» TASK: Reproduce the entries shown below only from the line with "Remove from album" down to the line with "Oliver Peoples Eyeglasses, Model: 0OV5538U", keeping both end lines and copying each one exactly.

» SUPPLIED DATA:
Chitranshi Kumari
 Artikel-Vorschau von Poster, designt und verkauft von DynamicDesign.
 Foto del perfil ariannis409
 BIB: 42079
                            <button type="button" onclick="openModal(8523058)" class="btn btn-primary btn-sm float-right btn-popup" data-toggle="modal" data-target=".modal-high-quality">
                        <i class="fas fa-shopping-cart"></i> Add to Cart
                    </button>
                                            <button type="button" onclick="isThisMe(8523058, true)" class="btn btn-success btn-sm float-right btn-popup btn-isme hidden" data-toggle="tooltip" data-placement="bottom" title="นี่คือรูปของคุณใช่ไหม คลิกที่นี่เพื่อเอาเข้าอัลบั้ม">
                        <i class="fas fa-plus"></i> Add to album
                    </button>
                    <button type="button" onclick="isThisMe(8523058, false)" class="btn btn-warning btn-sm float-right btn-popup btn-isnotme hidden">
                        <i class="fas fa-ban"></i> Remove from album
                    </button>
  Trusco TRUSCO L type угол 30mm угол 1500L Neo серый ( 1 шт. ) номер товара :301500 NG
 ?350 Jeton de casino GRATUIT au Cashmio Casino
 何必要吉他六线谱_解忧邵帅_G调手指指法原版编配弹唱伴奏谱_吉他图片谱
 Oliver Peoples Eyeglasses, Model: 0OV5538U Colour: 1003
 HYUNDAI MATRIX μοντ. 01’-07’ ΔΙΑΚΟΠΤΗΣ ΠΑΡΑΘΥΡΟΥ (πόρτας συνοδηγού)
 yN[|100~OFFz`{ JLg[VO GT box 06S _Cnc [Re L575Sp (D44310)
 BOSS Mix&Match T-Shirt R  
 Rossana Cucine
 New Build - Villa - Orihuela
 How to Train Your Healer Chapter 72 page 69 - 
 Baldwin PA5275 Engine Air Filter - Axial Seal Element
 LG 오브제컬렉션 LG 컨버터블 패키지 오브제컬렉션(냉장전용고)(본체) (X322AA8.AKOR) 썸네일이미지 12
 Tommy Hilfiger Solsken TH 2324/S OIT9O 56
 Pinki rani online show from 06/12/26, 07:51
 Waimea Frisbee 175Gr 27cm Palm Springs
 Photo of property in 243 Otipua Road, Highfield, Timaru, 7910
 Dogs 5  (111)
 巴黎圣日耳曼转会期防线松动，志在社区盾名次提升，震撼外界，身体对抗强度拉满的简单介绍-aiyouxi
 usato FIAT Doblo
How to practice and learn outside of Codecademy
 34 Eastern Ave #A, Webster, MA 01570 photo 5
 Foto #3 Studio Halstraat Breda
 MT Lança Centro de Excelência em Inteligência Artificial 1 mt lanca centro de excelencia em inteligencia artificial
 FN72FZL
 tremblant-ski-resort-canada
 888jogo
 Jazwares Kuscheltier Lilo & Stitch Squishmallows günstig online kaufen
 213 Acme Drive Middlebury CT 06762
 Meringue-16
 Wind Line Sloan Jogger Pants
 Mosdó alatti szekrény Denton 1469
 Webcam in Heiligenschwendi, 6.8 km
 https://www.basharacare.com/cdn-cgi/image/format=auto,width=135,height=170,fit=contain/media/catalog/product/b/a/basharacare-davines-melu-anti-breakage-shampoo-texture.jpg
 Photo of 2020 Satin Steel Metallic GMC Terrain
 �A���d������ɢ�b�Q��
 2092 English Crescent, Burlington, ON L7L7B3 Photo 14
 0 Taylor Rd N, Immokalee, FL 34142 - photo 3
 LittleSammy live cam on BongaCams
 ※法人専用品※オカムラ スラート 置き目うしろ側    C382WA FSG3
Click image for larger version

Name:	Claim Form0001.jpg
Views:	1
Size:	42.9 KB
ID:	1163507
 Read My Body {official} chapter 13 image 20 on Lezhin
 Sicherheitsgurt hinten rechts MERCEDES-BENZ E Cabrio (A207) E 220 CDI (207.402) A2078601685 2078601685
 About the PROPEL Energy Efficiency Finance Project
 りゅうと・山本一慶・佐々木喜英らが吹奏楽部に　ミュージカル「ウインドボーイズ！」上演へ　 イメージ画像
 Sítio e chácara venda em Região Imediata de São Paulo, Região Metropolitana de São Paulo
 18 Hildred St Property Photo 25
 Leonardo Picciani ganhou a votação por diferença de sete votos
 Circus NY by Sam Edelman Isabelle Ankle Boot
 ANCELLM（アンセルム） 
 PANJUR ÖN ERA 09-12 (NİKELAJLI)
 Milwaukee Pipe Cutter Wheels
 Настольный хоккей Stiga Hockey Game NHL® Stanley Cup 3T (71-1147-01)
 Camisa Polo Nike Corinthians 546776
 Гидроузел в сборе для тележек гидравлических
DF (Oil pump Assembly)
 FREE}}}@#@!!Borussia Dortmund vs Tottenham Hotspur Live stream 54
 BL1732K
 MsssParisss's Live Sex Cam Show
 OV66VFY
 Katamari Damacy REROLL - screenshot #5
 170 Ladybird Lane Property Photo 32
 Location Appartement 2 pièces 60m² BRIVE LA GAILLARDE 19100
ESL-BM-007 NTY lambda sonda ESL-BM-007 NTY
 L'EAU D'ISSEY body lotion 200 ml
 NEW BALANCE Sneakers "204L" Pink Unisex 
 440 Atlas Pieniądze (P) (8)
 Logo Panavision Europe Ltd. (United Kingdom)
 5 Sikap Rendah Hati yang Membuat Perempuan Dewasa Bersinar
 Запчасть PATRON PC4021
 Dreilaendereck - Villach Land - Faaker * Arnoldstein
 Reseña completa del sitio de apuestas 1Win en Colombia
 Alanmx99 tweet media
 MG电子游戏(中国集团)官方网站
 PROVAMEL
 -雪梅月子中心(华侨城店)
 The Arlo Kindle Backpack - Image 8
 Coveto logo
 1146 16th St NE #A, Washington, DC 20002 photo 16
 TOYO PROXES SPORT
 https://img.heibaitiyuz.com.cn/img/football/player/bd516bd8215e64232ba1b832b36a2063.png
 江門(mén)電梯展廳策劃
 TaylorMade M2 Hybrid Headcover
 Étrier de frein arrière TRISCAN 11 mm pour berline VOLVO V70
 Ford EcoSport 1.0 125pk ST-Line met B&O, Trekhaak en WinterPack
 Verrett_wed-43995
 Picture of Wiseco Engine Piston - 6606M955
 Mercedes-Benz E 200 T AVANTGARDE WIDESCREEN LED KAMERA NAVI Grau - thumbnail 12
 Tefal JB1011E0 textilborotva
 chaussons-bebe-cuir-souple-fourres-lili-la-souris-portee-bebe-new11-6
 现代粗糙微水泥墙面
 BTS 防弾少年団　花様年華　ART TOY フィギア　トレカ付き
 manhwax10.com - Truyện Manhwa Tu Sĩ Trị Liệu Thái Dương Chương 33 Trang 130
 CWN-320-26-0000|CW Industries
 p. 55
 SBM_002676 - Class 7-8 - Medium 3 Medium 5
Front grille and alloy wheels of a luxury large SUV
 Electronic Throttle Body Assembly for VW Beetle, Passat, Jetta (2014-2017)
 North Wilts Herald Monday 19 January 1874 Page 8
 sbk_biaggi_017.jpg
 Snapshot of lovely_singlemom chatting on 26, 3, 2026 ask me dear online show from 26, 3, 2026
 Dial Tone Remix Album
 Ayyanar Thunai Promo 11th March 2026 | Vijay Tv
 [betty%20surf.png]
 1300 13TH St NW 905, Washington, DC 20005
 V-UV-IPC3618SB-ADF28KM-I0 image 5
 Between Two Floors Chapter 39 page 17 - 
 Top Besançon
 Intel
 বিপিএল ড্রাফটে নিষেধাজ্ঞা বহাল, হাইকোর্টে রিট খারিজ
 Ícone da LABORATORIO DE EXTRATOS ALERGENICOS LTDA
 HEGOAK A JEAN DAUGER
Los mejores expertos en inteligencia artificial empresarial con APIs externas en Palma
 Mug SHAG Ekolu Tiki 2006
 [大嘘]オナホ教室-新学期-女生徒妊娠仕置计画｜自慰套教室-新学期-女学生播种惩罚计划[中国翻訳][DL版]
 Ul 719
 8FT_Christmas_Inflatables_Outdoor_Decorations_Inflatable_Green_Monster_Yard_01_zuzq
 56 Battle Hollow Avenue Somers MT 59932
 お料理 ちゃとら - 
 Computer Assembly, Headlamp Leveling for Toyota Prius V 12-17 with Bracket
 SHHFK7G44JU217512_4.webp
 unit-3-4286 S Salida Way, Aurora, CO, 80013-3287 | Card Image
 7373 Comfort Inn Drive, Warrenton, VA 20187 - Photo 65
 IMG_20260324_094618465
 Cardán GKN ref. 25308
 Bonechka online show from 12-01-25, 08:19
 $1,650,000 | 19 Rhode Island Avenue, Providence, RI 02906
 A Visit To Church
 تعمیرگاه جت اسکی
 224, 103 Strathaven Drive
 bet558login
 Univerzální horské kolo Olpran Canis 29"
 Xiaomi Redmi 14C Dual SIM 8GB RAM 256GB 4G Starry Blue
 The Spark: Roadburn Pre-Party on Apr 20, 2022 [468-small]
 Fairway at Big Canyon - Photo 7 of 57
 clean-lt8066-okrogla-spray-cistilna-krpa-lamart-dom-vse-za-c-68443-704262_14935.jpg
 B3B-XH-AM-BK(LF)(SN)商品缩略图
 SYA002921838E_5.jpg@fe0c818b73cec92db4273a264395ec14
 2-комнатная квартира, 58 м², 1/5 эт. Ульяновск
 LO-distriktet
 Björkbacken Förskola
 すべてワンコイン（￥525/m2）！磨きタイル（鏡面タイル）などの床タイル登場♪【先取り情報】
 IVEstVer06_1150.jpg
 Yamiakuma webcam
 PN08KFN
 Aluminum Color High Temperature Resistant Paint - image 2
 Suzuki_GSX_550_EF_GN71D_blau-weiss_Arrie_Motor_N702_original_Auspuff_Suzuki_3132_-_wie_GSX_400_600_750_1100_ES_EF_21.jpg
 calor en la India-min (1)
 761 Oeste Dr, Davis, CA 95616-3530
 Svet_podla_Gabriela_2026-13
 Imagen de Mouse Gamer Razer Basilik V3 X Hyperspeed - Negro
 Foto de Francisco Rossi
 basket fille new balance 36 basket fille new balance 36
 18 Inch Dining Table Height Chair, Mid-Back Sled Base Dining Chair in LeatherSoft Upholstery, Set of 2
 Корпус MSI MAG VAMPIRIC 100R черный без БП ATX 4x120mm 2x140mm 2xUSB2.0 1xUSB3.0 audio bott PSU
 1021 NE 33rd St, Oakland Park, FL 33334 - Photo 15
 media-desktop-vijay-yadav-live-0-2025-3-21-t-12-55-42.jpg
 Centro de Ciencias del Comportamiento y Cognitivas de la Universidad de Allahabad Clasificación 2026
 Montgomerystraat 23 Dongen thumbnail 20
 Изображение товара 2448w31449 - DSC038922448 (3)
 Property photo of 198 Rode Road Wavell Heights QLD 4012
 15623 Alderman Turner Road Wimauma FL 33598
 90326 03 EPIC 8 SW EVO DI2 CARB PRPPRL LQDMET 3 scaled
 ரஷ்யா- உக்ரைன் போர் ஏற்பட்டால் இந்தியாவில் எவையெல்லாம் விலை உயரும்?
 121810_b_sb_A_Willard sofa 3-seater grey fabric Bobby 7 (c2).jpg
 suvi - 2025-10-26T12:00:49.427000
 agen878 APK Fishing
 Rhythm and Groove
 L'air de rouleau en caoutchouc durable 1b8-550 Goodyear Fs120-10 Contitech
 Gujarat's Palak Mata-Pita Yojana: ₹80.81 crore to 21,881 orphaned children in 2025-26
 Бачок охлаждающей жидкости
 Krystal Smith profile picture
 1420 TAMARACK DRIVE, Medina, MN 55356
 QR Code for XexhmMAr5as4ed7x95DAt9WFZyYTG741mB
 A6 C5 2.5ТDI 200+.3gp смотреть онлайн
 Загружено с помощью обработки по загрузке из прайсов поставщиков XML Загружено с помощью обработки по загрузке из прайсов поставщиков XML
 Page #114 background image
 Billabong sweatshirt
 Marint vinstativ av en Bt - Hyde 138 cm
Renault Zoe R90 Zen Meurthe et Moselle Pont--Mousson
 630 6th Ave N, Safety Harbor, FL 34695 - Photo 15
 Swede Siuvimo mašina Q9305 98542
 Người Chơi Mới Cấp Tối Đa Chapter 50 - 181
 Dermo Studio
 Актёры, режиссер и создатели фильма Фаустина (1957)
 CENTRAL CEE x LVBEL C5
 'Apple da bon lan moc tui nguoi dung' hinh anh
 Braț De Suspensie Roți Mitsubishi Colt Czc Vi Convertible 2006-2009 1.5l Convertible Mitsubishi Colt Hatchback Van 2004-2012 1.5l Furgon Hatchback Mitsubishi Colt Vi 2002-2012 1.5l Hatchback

» ANSWER TO THE PROBLEM:
                        <i class="fas fa-ban"></i> Remove from album
                    </button>
  Trusco TRUSCO L type угол 30mm угол 1500L Neo серый ( 1 шт. ) номер товара :301500 NG
 ?350 Jeton de casino GRATUIT au Cashmio Casino
 何必要吉他六线谱_解忧邵帅_G调手指指法原版编配弹唱伴奏谱_吉他图片谱
 Oliver Peoples Eyeglasses, Model: 0OV5538U Colour: 1003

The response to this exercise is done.